Put your volume up and listen to the studder at around 3krpms, from the video it sounds like a small studder, but when driving its like slamming in to an instant brick wall and then WOT again, its like a power onnnn... power off.... power onnnn type of thing, like the engine was turned off and then turned back on..
What in god could it be?

thanks !


----------



## BoBakTXL (Aug 30, 2004)

any other replys?


----------



## BoBakTXL (Aug 30, 2004)

anything else other than "check ur spark plugs?"

please!


----------



## Spongerider (Nov 18, 2002)

BoBakTXL said:


> anything else other than "check ur spark plugs?"
> 
> please!


Well, did you check your spark plugs?


----------



## asleepz (Feb 24, 2004)

Spongerider said:


> Well, did you check your spark plugs?


Of course not....


Change your spark plugs, disconnect your battery before you start and reconnect it after your done.


----------



## BoBakTXL (Aug 30, 2004)

I bought 6 NGK V-power resistor type spark plugs, im i guess going to keep the gap the same?

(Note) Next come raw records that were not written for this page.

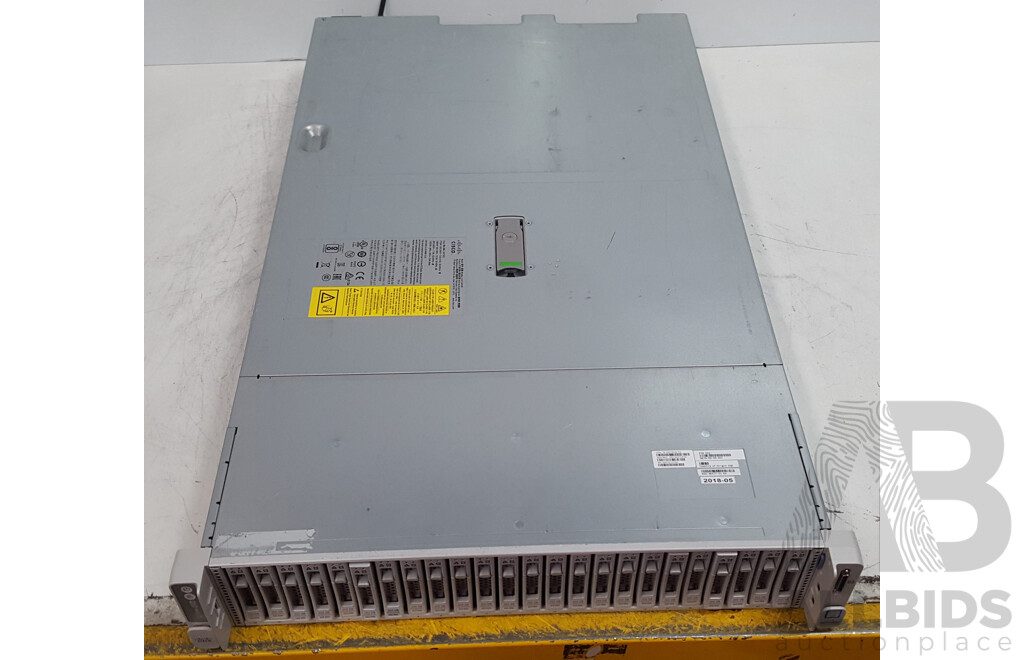 Cisco (BE7000H) UCS C240 M55X Dual Intel Xeon GOLD (6132) 2.60GHz-3.70GHz 14-Core CPU 2RU Server w/ 16GB DDR4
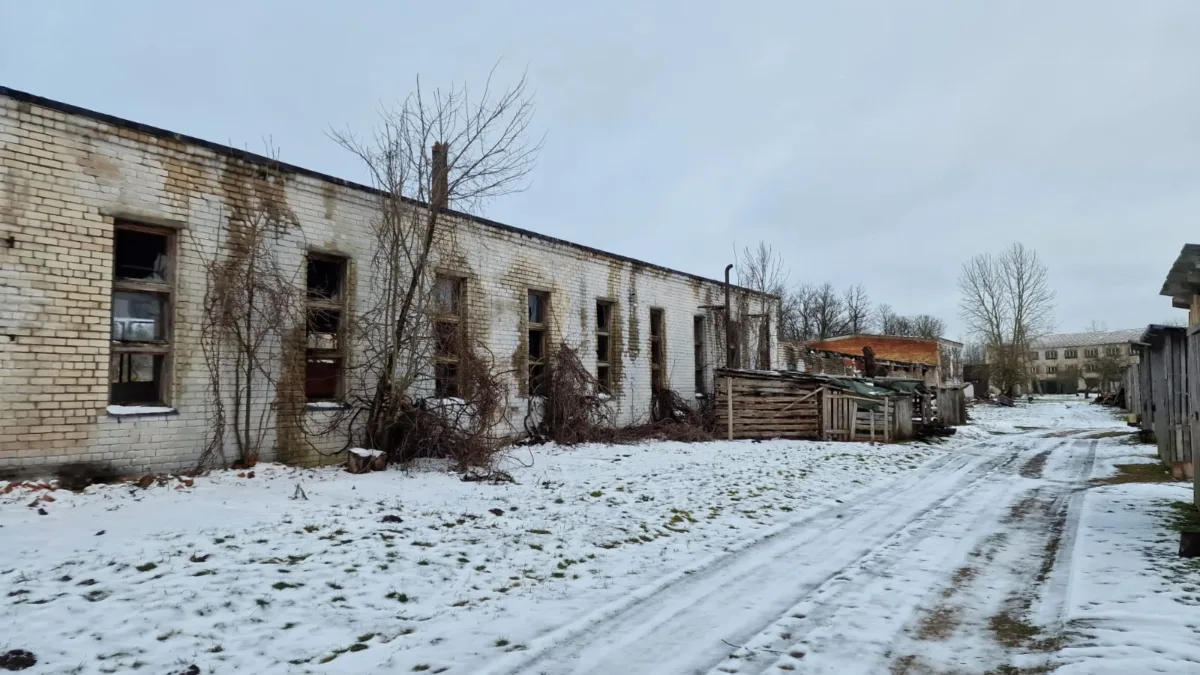 Снос малоценных зданий и сооружений в Добеле
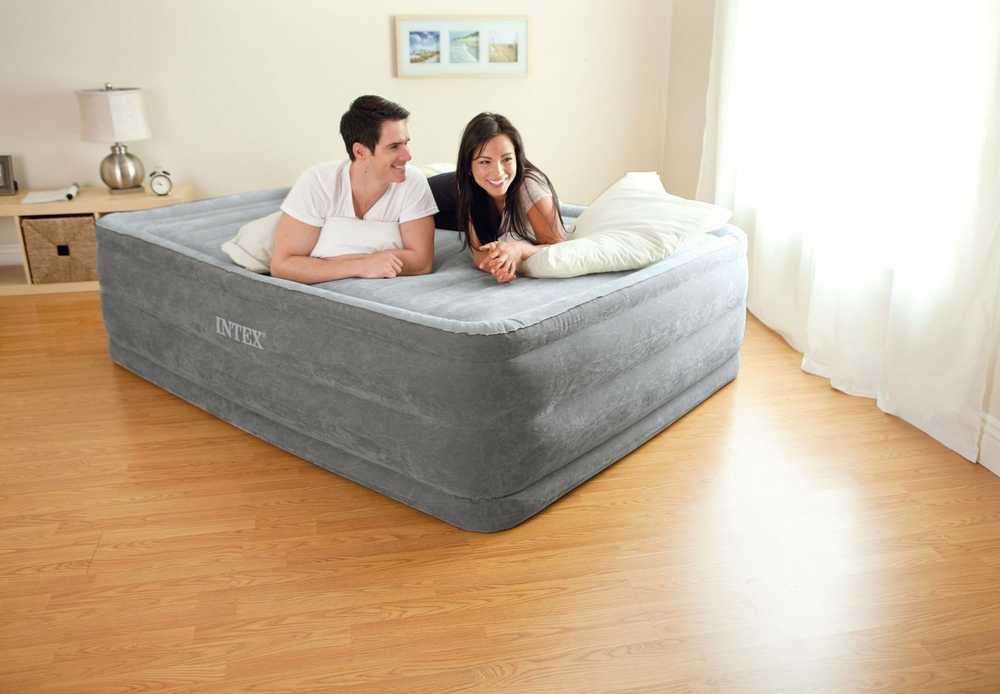 Pripučiamas čiužinys INTEX Queen Comfort-Plush High-Rise su integruota elektrine pompa, 152×203×56 cm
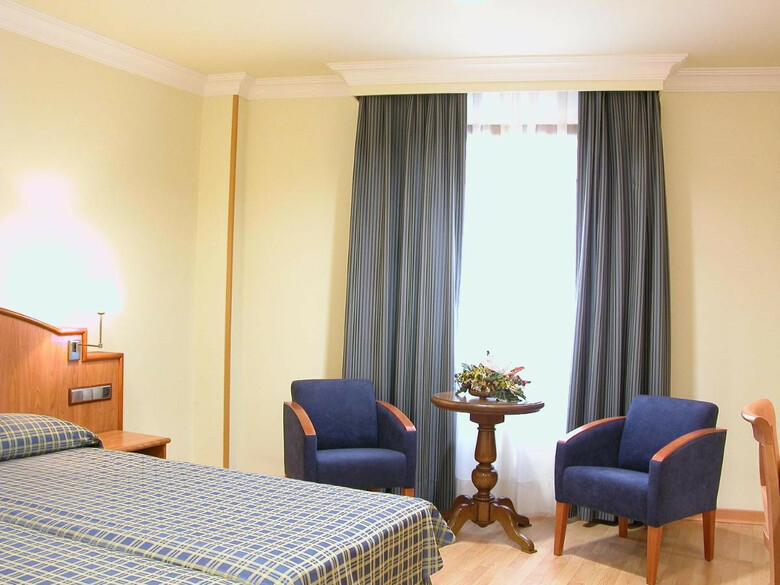 Hotel II Castillas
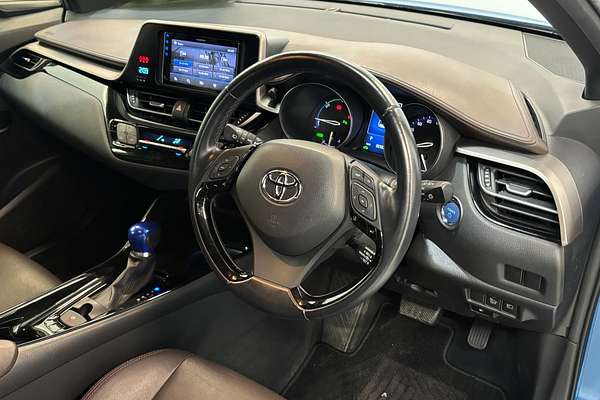 2017 Toyota C-HR HYBRID G ZYX10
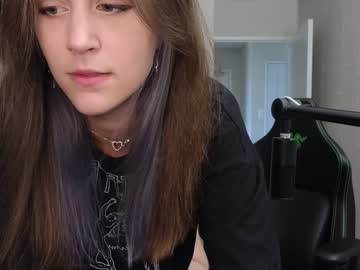 girl
        alexa_dream cam image #2297188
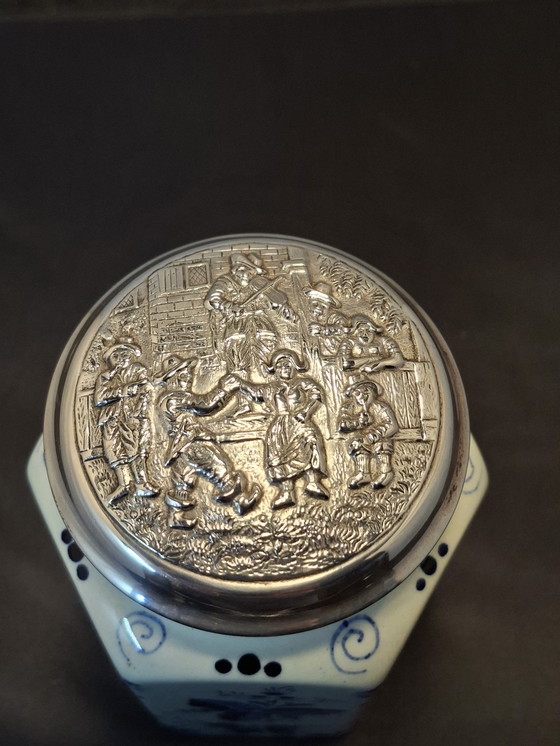 Image 1 of Vintage Delfts stijl potje met zilveren deksel
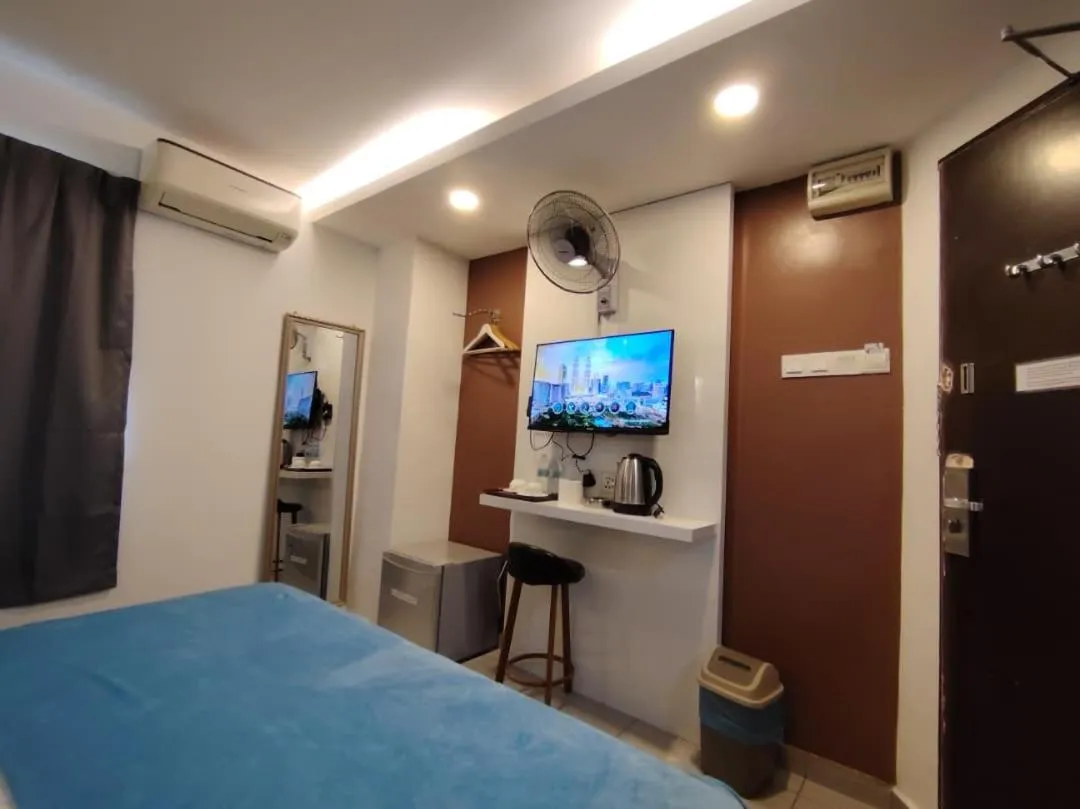 Bed in Dolphin Hotel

Ill post results afterwards.

By the way, I bought and installed a new bosch 02 sensor like previously stated, and now my idle is ROCK SOLID and the "bogging" decreased by like 20% but it still bogs up to the point now that if im in 2nd gear lets say at 3k rpms driving, and I go 30mph (cruising), and I go WOT (wide open) the engine is creating ZERO whp, its actually DE-celerating, the rpms go down and its giving off the "im getting ZERO fuel and only air" sound, another way to do this is to be driving and take ur key out (engine off but still spinning) and try to throttle it with it off but spinning (vehicle is moving) its just the "air sucking in to the motor and in to the cylinders" sound, its the EXACT same thing.

Plus.
I had the hood open and had 1 hand on the MAF, and one hand on I think the TB, and I revved the motor up, and got ZAPPED, freaking electricity (HIGH voltage) went through my body, i couldnt feel my arms for over 5 mins, the higher the engine rpms went the more the MAF zapped me, wtf is that all about?
I was the ground to the MAF?

So I was told to re-ground my MAF since its "floating in the air" (custom intake) and I did but still bogs like no other, not really a bog, but more like TONS of fuel.


----------



## BoBakTXL (Aug 30, 2004)

problem SOLVED!!!!!!!!!!
spark plugs, all 6 had were burnt white (lean?)

thanks alot guys!


----------



## Spongerider (Nov 18, 2002)

BoBakTXL said:


> problem SOLVED!!!!!!!!!!
> spark plugs, all 6 had were burnt white (lean?)
> 
> thanks alot guys!


Gezzz....... Thank you, thank you very much! (Elvis voice)

What took you so long?


----------



## asleepz (Feb 24, 2004)

Yep white is lean... Did you unhook the battery like I said so it would reset the computer.


----------



## Spongerider (Nov 18, 2002)

If your plugs were that woren down I would suggest replacing your _fuel filter _and _fuel dampner_, and _fuel regulator_.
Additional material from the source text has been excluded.